Global LNG Signals and Domestic Gas Pricing

While east coast gas spot markets have remained relatively soft through the summer period, movements in global LNG expectations continue to influence forward pricing signals.

What we are watching is how LNG netback indicators evolve over the coming months, particularly if global market uncertainty persists. These signals will remain an important reference point for domestic gas contract negotiations.

📚 Further Market Context

Recent reporting has highlighted the broader global backdrop influencing energy markets. Rising oil prices linked to Middle East tensions are being watched closely as a potential inflation risk, while analysts have also pointed to the sensitivity of global LNG supply chains and shipping routes to geopolitical developments.

For readers interested in the wider context, the following sources provide useful perspectives.

Frequently Asked Questions

How do geopolitical events influence Australian energy markets?

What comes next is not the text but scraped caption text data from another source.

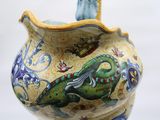 a vase with a dragon painted on it on a table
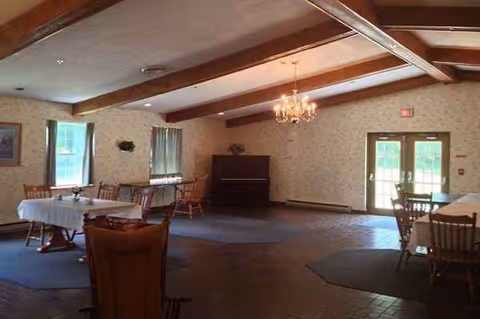 Empty dining room with tables, chairs, chandelier, wood beams, and a piano in a senior home.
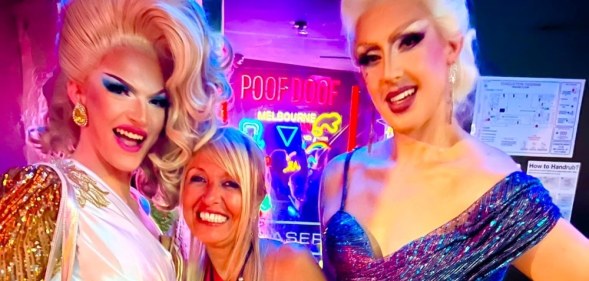 In this photograph, Martha Tsamis poses with two drag queens either side of her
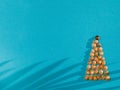 Creative Christmas tree made of seashells on modern blue paper background Royalty Free Stock Photo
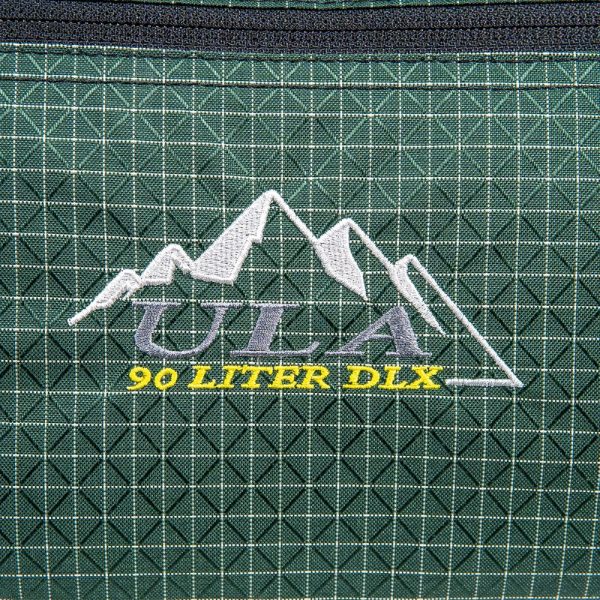 A close up of the ULA logo on the side of a ULA DLX Duffle Bag.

Geopolitical events can affect global oil, gas and LNG markets, which in turn influence pricing signals used in Australian energy contracts. Even when local supply conditions remain stable, global uncertainty can lead to higher risk premiums in forward markets and increased pricing volatility.

Why are electricity forward markets reacting to events in the Middle East?

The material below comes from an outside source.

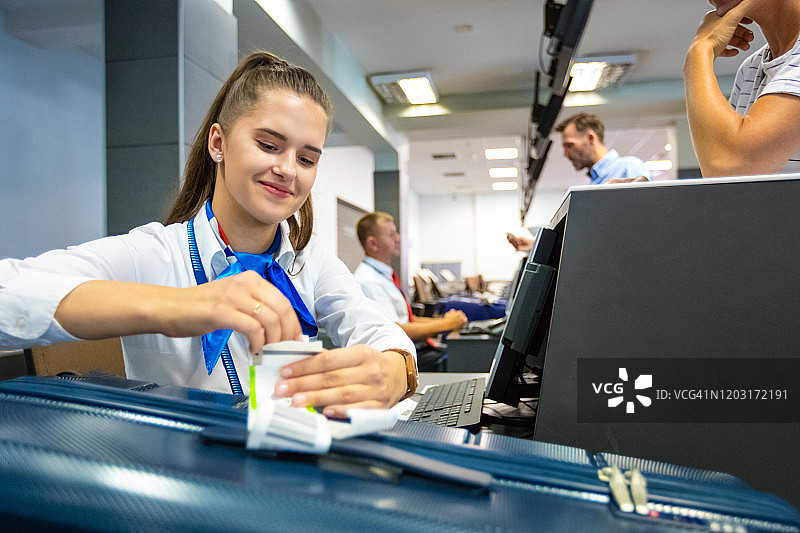 航空公司值机员在行李上贴标签图片素材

While Australia’s electricity system is largely driven by domestic supply and demand, global developments can still influence market sentiment. When geopolitical tensions increase uncertainty in global energy markets, traders often incorporate additional risk premiums into forward electricity pricing.

Could Middle East tensions increase Australian energy prices further?

Direct supply impacts on Australia are limited, but global oil and LNG markets are closely interconnected. If geopolitical tensions disrupt key energy supply routes or push global fuel prices higher, those changes can flow through to Australian energy markets via international gas pricing and broader market sentiment.

The extent of any impact will depend largely on how long tensions persist and whether they affect major shipping routes or production infrastructure. Energy markets tend to react quickly to uncertainty, but pricing impacts often stabilise once supply risks become clearer.

Why are gas markets softer while electricity futures are rising?

East coast gas spot markets have remained relatively stable due to milder summer demand and improved supply conditions. Electricity forward markets, however, are reacting more quickly to global developments and changes in risk sentiment, which can drive short-term divergence between gas and electricity price signals.

Why are retailers shortening pricing validity periods right now?

Periods of increased forward market volatility make it more difficult for retailers to manage pricing risk. As a result, retailers may shorten pricing validity periods or withdraw offers more quickly to limit exposure if futures markets move rapidly.